Within the entries below, the lines from the one with "Shelly island（" through the one with "Parure de lit" are to be set down exactly, both ends kept.

Records to use

+ + +

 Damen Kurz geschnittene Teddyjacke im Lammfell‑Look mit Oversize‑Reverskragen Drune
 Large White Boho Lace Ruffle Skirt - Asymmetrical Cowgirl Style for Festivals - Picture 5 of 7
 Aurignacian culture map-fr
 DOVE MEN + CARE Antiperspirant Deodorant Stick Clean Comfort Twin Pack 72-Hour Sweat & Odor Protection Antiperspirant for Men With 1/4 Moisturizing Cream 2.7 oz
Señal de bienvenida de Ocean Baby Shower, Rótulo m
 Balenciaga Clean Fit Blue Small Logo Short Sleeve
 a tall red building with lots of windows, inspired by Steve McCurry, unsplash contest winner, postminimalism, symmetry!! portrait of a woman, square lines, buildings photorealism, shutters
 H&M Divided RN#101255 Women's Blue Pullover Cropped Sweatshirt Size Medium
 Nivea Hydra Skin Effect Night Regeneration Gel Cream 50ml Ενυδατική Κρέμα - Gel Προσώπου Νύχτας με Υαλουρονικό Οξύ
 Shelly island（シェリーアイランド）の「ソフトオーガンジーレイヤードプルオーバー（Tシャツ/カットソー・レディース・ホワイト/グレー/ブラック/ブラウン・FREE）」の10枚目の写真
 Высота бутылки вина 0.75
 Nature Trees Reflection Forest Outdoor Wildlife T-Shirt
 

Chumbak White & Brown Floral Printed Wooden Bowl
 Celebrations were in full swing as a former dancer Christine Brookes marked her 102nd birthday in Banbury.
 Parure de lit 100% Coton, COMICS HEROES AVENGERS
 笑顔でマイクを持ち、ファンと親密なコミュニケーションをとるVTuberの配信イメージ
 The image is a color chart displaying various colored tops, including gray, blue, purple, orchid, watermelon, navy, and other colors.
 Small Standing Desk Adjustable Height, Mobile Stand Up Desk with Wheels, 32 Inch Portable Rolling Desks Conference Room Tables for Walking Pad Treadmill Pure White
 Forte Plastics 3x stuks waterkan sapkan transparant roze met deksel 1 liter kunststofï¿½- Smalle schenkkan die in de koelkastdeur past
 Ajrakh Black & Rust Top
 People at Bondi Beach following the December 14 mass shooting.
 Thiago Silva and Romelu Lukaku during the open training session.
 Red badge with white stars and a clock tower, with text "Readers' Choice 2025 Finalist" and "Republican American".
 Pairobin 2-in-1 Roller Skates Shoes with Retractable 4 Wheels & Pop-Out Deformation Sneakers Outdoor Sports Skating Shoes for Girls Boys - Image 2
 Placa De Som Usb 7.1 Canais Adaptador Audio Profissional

+ + +

Solution for this task
 Shelly island（シェリーアイランド）の「ソフトオーガンジーレイヤードプルオーバー（Tシャツ/カットソー・レディース・ホワイト/グレー/ブラック/ブラウン・FREE）」の10枚目の写真
 Высота бутылки вина 0.75
 Nature Trees Reflection Forest Outdoor Wildlife T-Shirt
 

Chumbak White & Brown Floral Printed Wooden Bowl
 Celebrations were in full swing as a former dancer Christine Brookes marked her 102nd birthday in Banbury.
 Parure de lit 100% Coton, COMICS HEROES AVENGERS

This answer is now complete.